PROVIDED RECORDS START

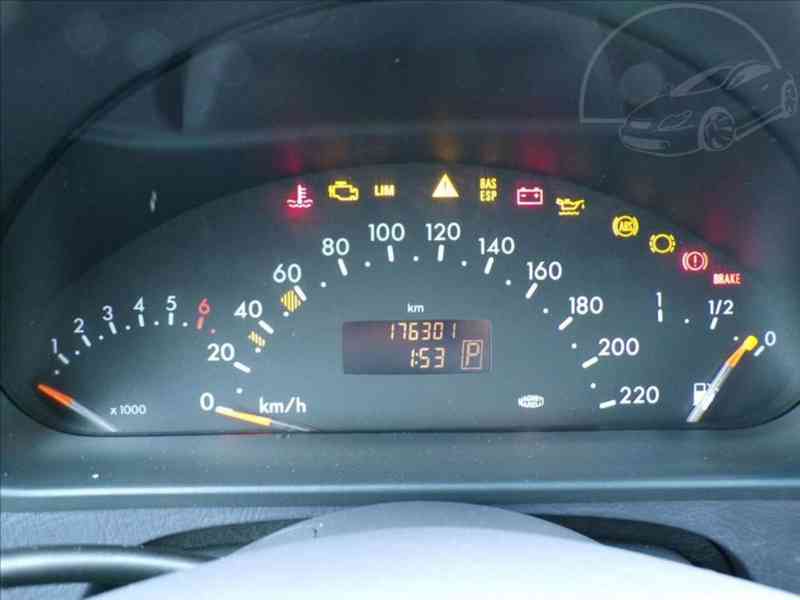 Mercedes-Benz I 1,6 AUTOMAT,ELEGANCE - foto 6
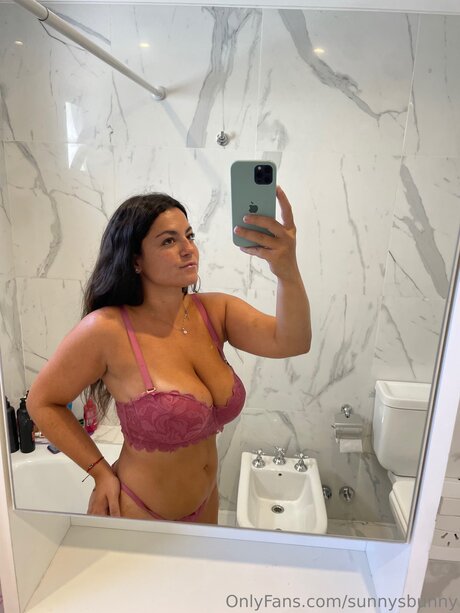 Sunnysbunny sexy xxx fotos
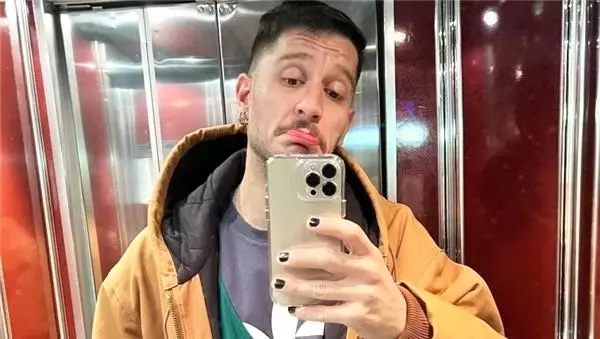 Modaya uyan Kenan Doğulu da oje sürdü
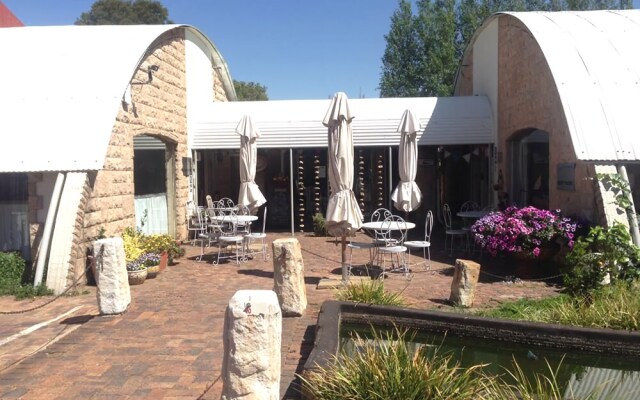 Homestead Guesthouse and Coffee Shoppe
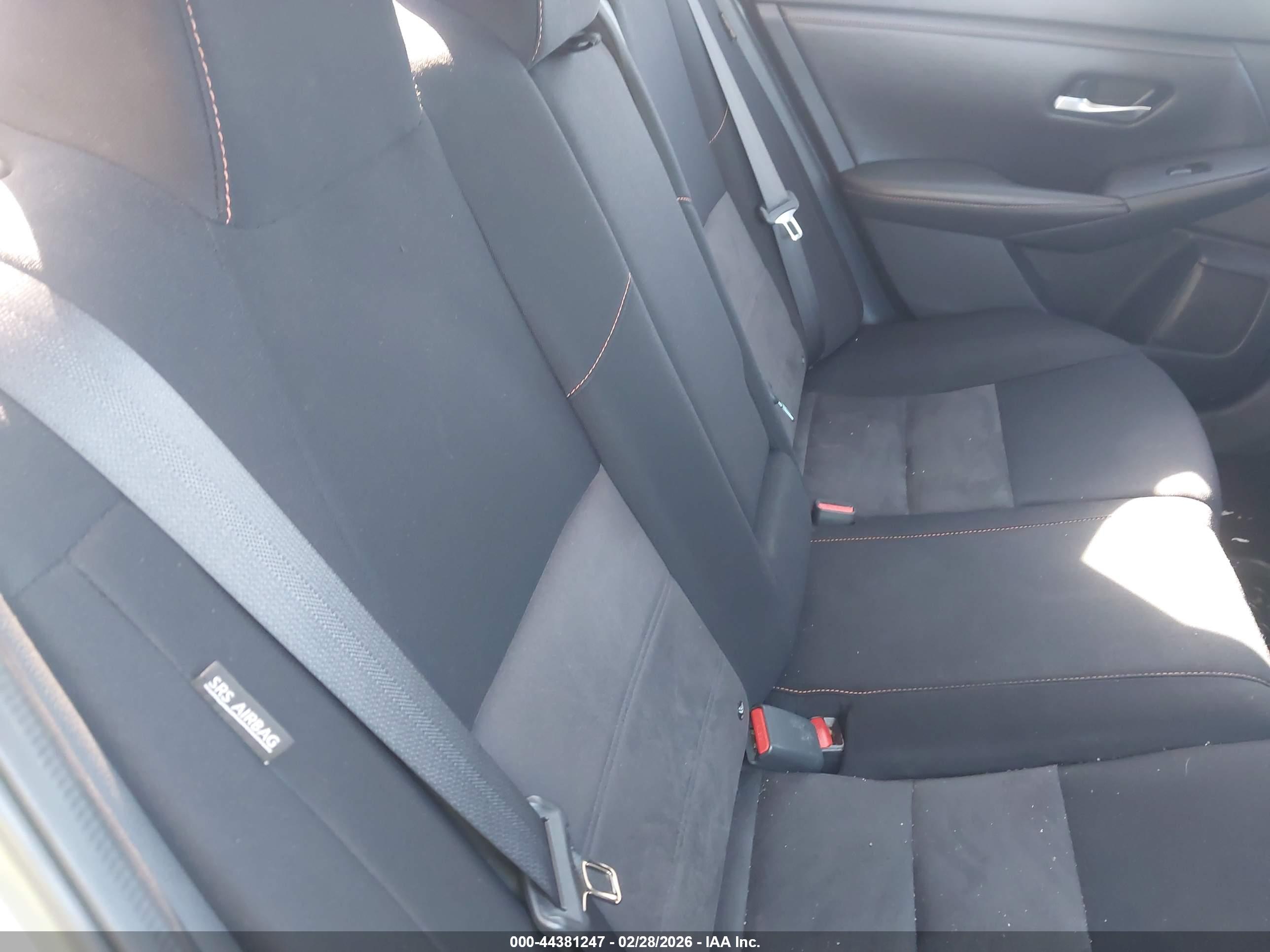 NISSAN SENTRA image 8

PROVIDED RECORDS END

## PROBLEM DETAILS
Each record above should come back exactly the same, only without its pictures.

## SOLUTION
 Mercedes-Benz I 1,6 AUTOMAT,ELEGANCE - foto 6
 Sunnysbunny sexy xxx fotos
 Modaya uyan Kenan Doğulu da oje sürdü
 Homestead Guesthouse and Coffee Shoppe
 NISSAN SENTRA image 8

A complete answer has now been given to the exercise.